Quite a while ago I wrote something about Jun Togawa for the now sadly defunct Untitled Mag. I suddenly felt the urge to revisit my thoughts, dove into the Wayback Machine and grabbed a cache. What follows is basically the original text but with some changes added. First I wanted to remember how I felt about her, how she has influenced me, but by reading this I realise she’s still sewn within myself, and she’ll probably be within me for always.
!!Note: what follows are mentions of death, blood and suicide!!
Jun Togawa is a Japanese singer, musician and actress, best known for a cutesy toilet commercial, and I’m obsessed with her. Not in love, but truly entranced by her music, her talent, and her playfulness regarding female archetypes. Though most importantly, for me perhaps, I am attracted to the many traces found in her work of depression. There are so many sad songs in this world, but only Togawa has been able to put the depression I personally feel in her work. And it makes me feel connected, or understood? Drawn to it like never before.
Though all of her lyrics are Japanese, a language I can hardly comprehend one sentence of, Togawa’s voice and use of sound transcends the language barrier for me. Especially by the use of her voice; sometimes in an almost opera-like use of her voice, sometimes distorted ugly, sometimes painfully false and off-note; it communicates with me in a very emotive way. In all of the music she has written from straight new wave pop to experimental electro cabaret, Togawa uses and distorts her voice in such a way that clutches my throbbing bloody heart and enters my addled depressed mind like a parasite. Visually as well as vocally she often plays, toys, laughs but also embodies the (Japanese) pop icon, often combining this with a sound expressing depressiveness, also given rise to the truest anger I’ve ever heard expressed and a sadness that grew into stems of sorrow on her amber coloured back.
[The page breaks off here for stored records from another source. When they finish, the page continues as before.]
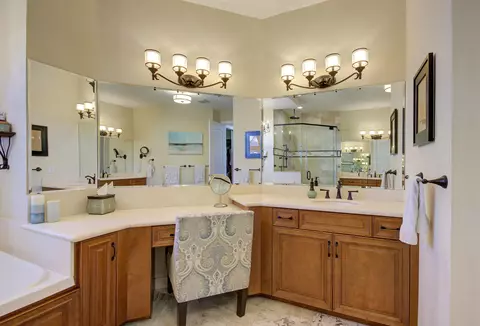 Bath - 4040 NE 25th Ave, Lighthouse Point, FL 33064 photo 3 of 3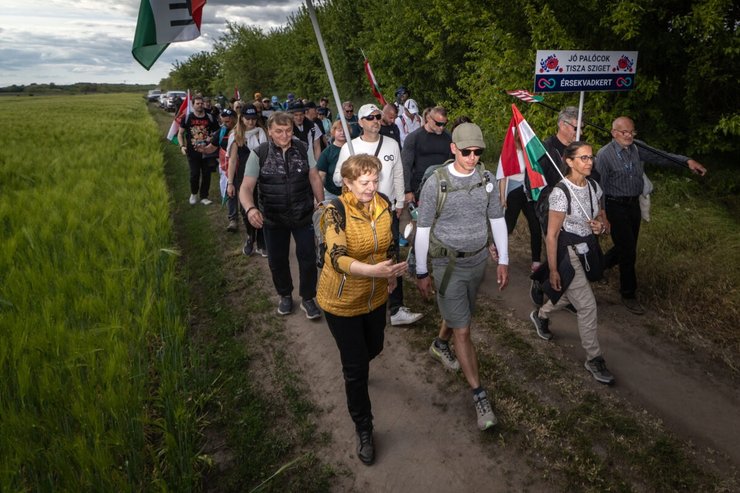 петер мадьяр марш в румынию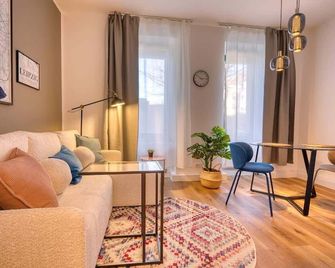 Fullhouse Premium Apartments H11 - Leipzig - Wohnzimmer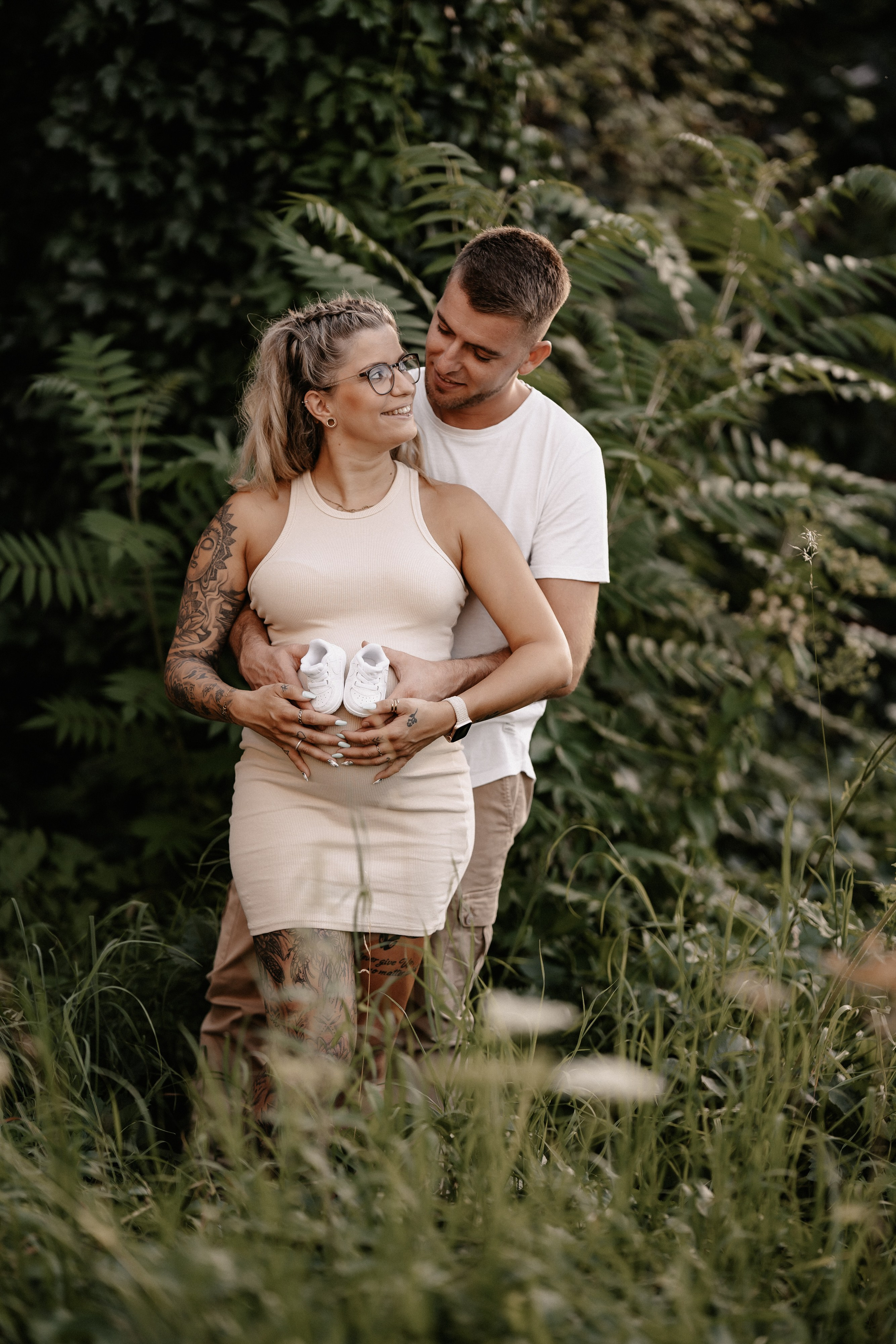 Babybauch im Spätsommer. Portraitfotografie in Gründau Elena Ohnstedt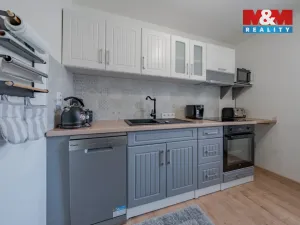 Prodej rodinného domu, Velké Karlovice, 180 m2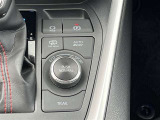 ブレーキホールドスイッチ、パーキングブレーキスイッチ、EV/HVモード切替スイッチ、オートEV/HVスイッチ、ドライブモードセレクトスイッチ、トレイルモードスイッチ。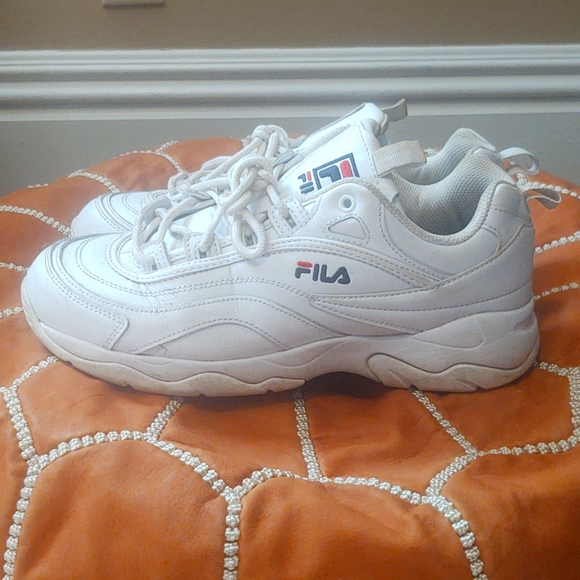 fila disarray white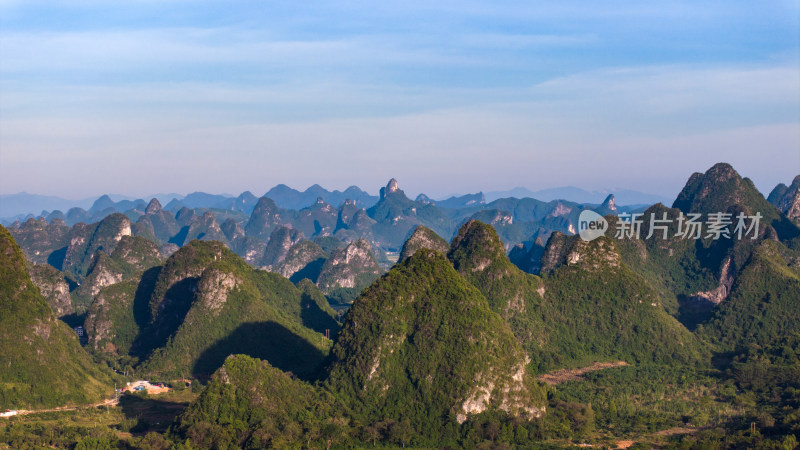 广西阳朔十里画廊月亮山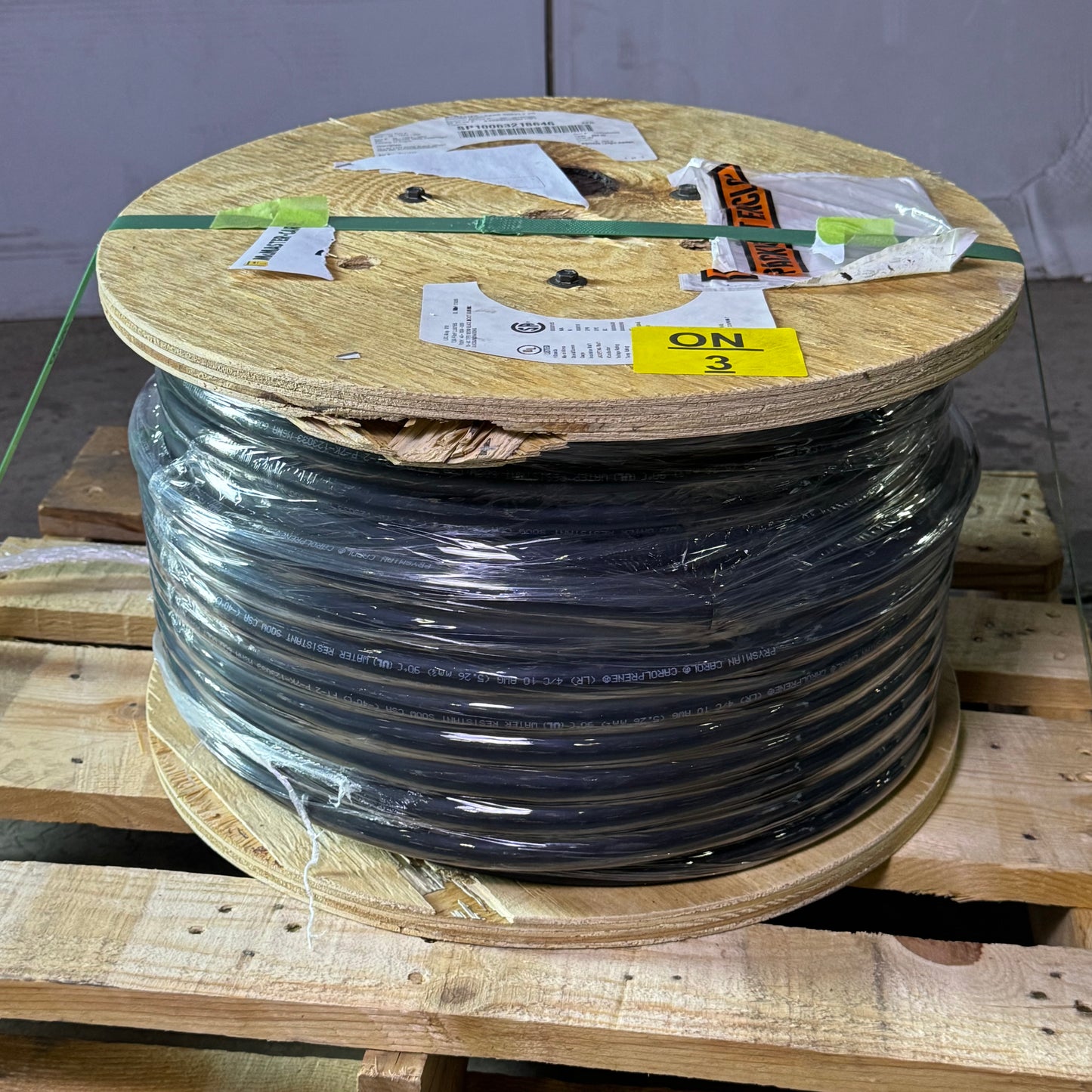 MCMASTER 10-4C TYPE S00W Black Jacket 600V 90C Sz 1" x 250 ft 4A-1004-WXP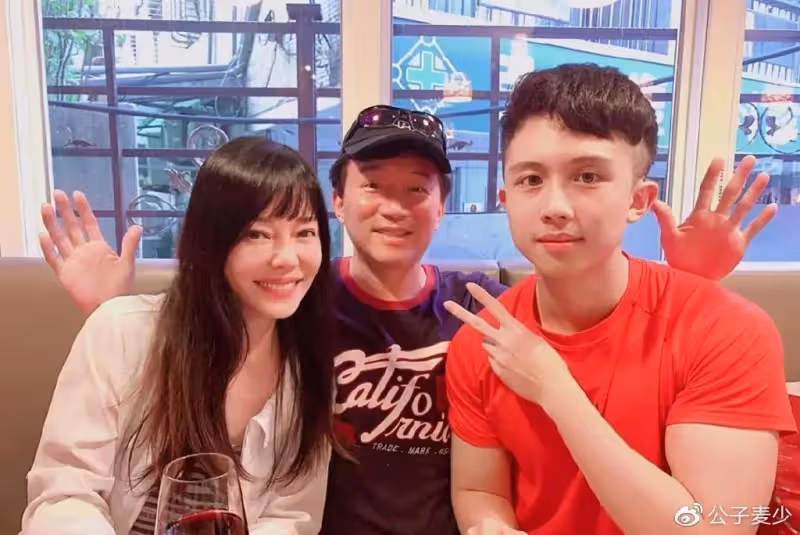 母乳喂養到12歲,同床共枕到15歲 ,這對明星母子叫人大開眼界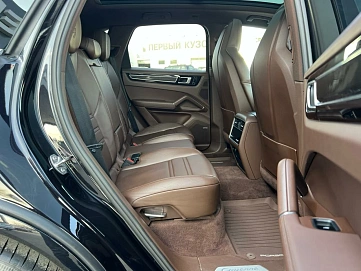 Porsche Cayenne, 2018г, передний привод, автомат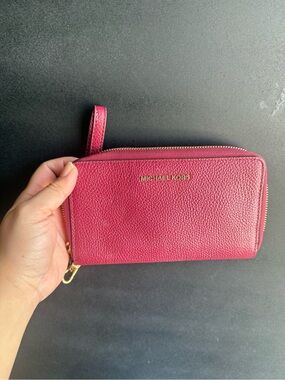 Michael Kors Berry Pebbled Leather Zip Wristlet
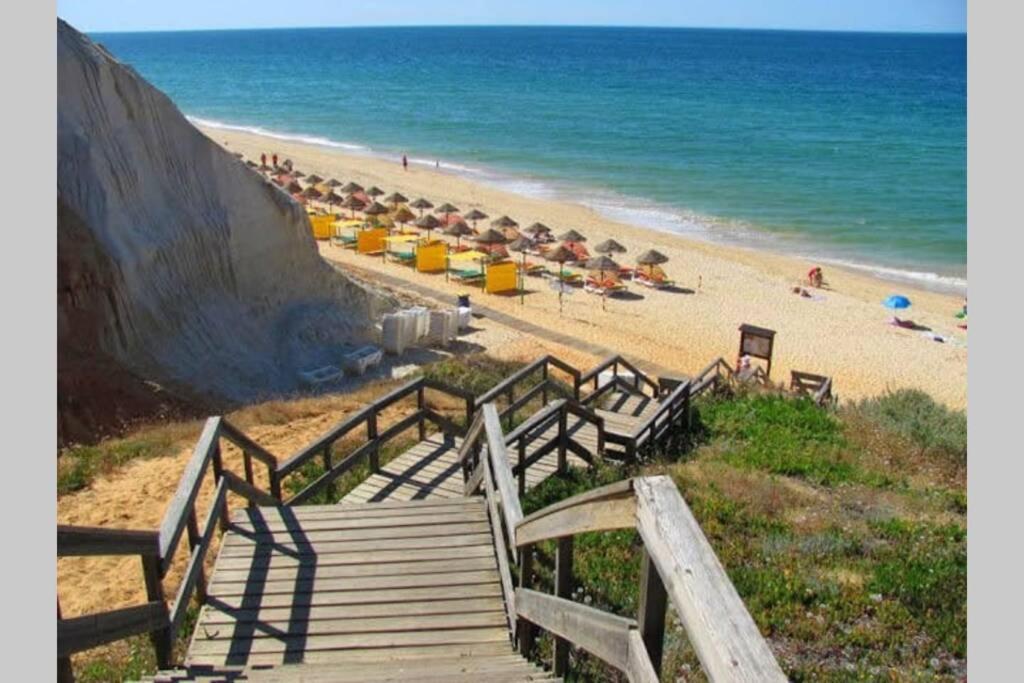 אלבופיירה Falesia - Near The Beach - The Gavel Apartment מראה חיצוני תמונה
“There is a feeling I’ve had ever since childhood: that there exist many different “worlds” and I was born in the wrong one, a world I don’t quite fit into. I’ve felt this strong feeling of wrongness all through my life. There is no space for me in this world. Every time I believe I’ve finally found my place, someone comes to me and says “Go away! You’re not supposed to be here.”
– Life as a Parasite?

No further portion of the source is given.